### TASK ITEM
When you reach the line that contains "Arris-stack feature wall" below, transcribe it and each line after it word for word to the end of the records, omitting pictures.

-------- RECORDS TO USE --------

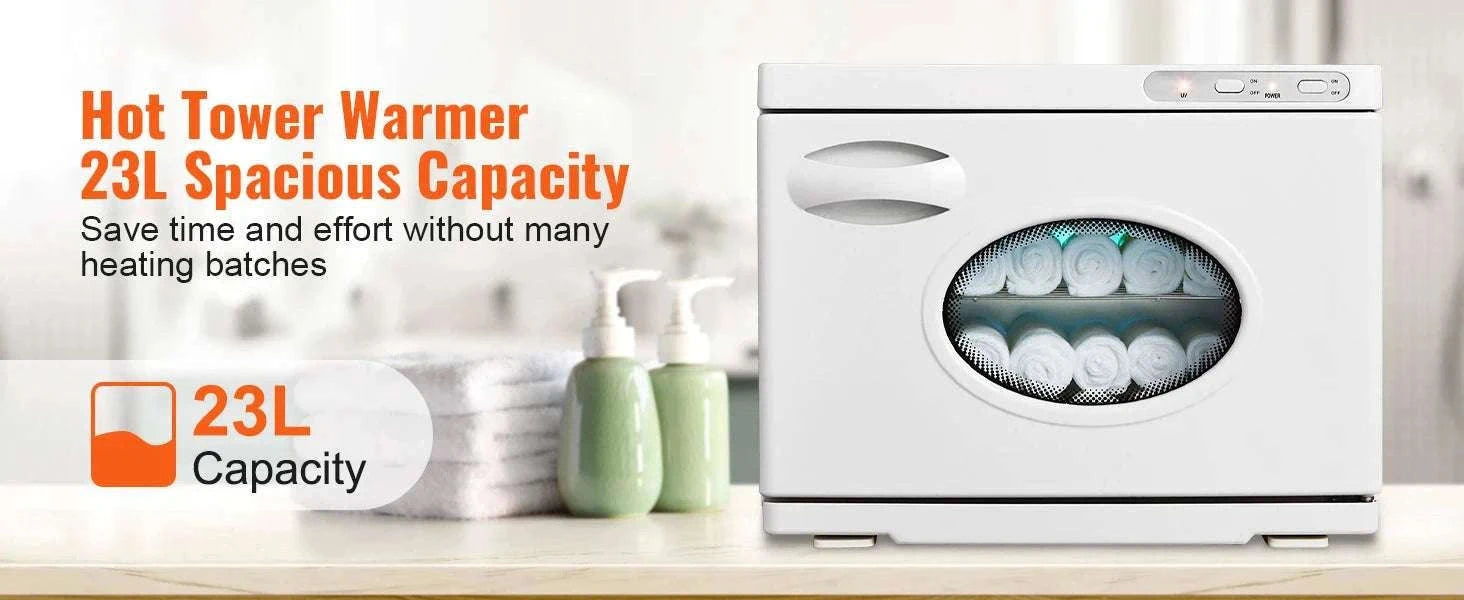 Hot Towel Warmer Cabinet 8L/23L with UV Light & Fast Heating-23L 6W UV light / United States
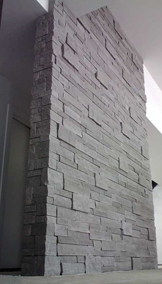 Arris-stack feature wall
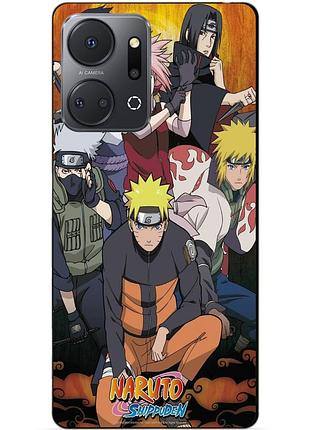 Силіконовий чохол бампер для huawei honor x7a з малюнком naruto наруто аніме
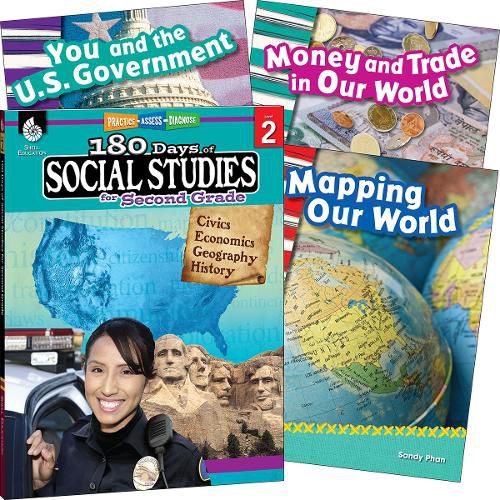 Cover image for Learn-at-Home: Social Studies Bundle Grade 2: 4-Book Set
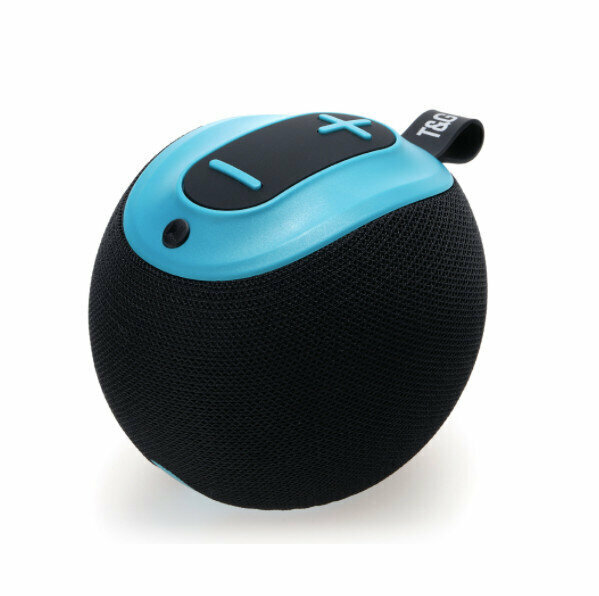 Round bluetooth subwoofer (blue)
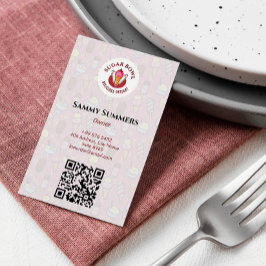 Tarjeta De Visita Ice Cream Business | Deliciosos Sabores De Postre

--------

### TASK ANSWER
 Arris-stack feature wall
 Силіконовий чохол бампер для huawei honor x7a з малюнком naruto наруто аніме
 Cover image for Learn-at-Home: Social Studies Bundle Grade 2: 4-Book Set
 Round bluetooth subwoofer (blue)
 Tarjeta De Visita Ice Cream Business | Deliciosos Sabores De Postre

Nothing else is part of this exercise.